Thinking back to KB last year though, this would definitely have been on the cards, whilst my "whatever"ship with Salsa seems to operate on a whole different time zone, if not planet. Cashmere even asked me to join him on his skiing trip during our first date, but, then again, it didn't happen in the end.
And here's what I like about Salsa, despite his inability to smell nice or wear anything but brown: He is a nice, honest, stable, attentive man who remembers what he knows about me and expresses his affection for me in gestures such as gifts and conversations, not meaningless flirting and casual sex.
He actually got embarrassed when I joked about the present he mentioned he'd brought me: "It's nothing big", he warned me. "Oh", I replied, "small but hideously expensive?", which made him blush and laugh in a self-conscious way. It turned out to be the chocolate. I wonder if this is likely to become one of those stories men tell each other about women wanting commitment too soon?
And here we have the other big reason apart from the lack of actual passion between us, a total sense-of-humour-incompatibility. I wonder how many relationships fail on that basis. The ones that didn't but should have failed can easily be observed in pubs and popular holiday spots, maybe in your own parents.
So there is no point in dragging it out.
My problem is that I find it incredibly hard to have any kind of in-depth conversation with him, whereby I could bring up the fact that I don't see us working out in an honest conversation.
An interesting example of his difficulty in asserting himself was the story he told me about his stay with an uncle abroad:
In order to get into town, he had to get a lift every morning with his uncle, who went to church every day at ten. Not wanting to appear rude, Salsa Boy joined the uncle at the church, without fail, every day before taking off into town for the day.
Immediately, I didn't get it. "Why couldn't you just thank him for the lift, and make a quick getaway in front of the church?" I asked him, based on the way I communicate with my own family. No, that didn't seem to be an option for him, since he saw the time in church as an activity he could share with his uncle during his stay.
After a week, the priest approached him: "I can see your faith is very important to you, my son", he said. "I feel that you may have a vocation for the priesthood! Why don't you give me your parish priest's address and I can write to him in order for him to support you on your journey?"
"WHAT!?!" I guaffawed so loudly, the milk in every yummy mummy's breasts must have curdled, who had been enjoying their lunch in this little Kensington cafe.
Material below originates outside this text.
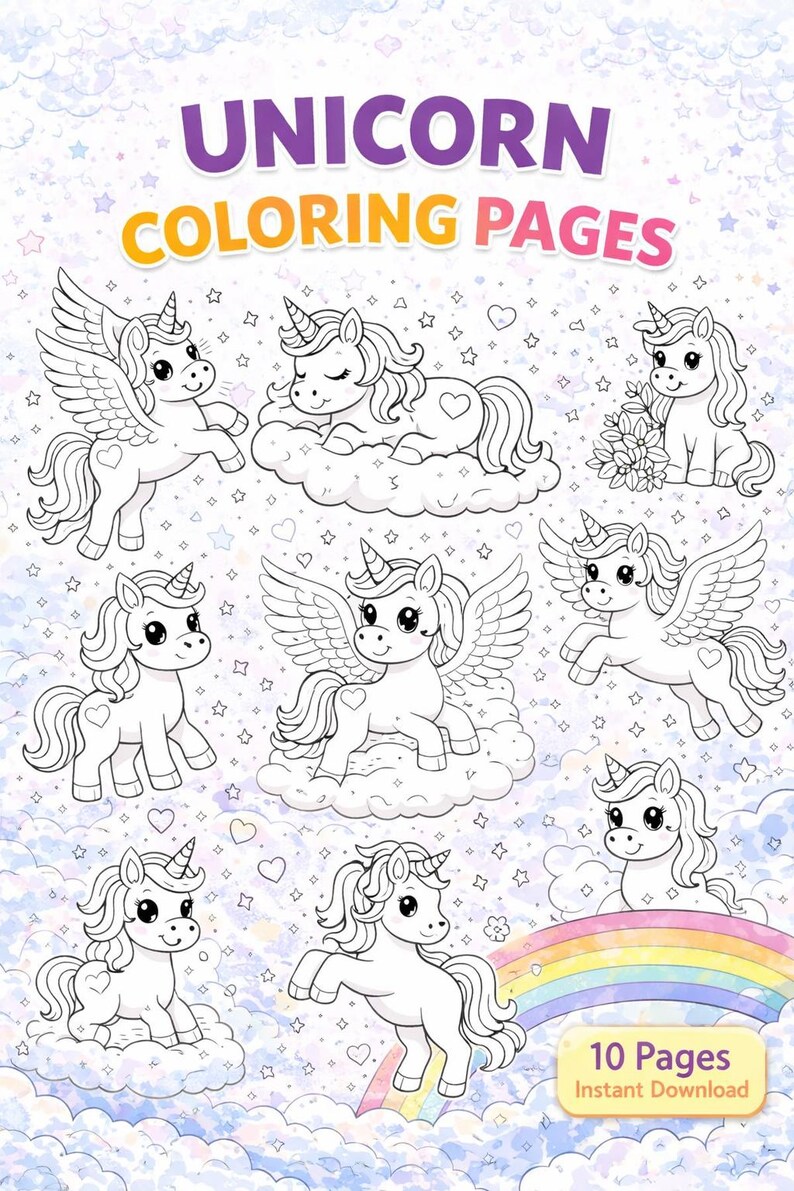 Unicorn Coloring Pages Printable for Kids Cute Unicorn Coloring Book ...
"Well", Salsa Boy continued, "I said: 'that is very kind, father, but there is a shortage of priests in England and I don't know his name, they come and go. Last time it was an African man', and I gave him some made-up church's address in Tooting".
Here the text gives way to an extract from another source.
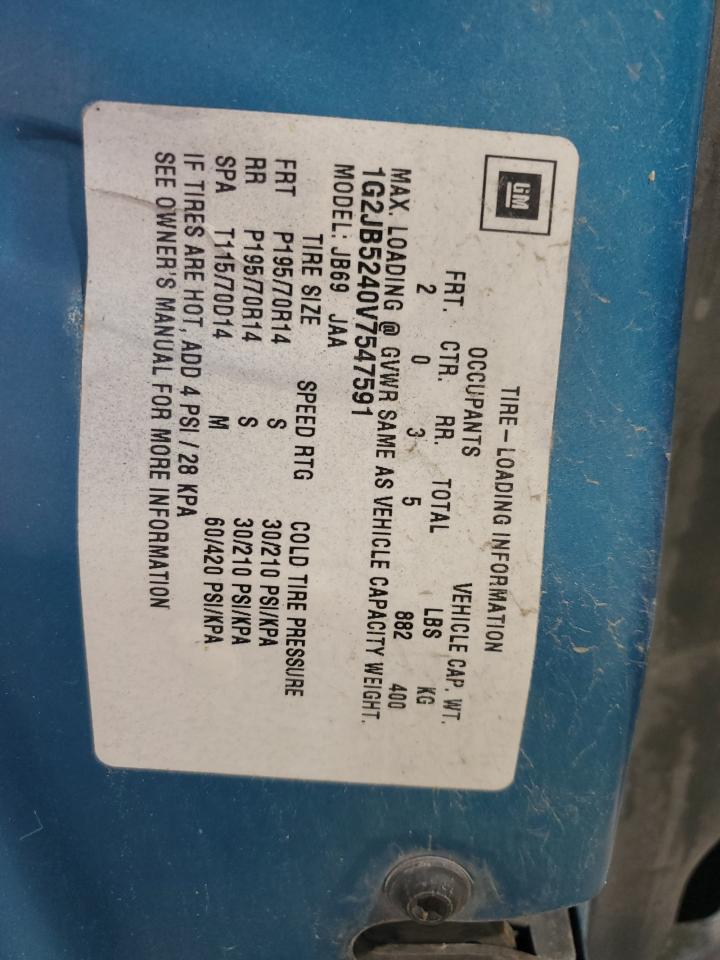 1997 Pontiac Sunfire Se Blue vin: 1G2JB5240V7547591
LOL! I could barely stay on my chair, I laughed so hard. "Don't you think it's worse lying to a priest than not going to church at all!?" I wanted to know.
Seriously, I don't want to be around once his mum moves in with him at the end of the month and drags him out to church every Sunday- I wonder if he can use the line with the African priest again to explain his amnesia of the actual priest's name.
As an afterthought, maybe he should join the priesthood after all.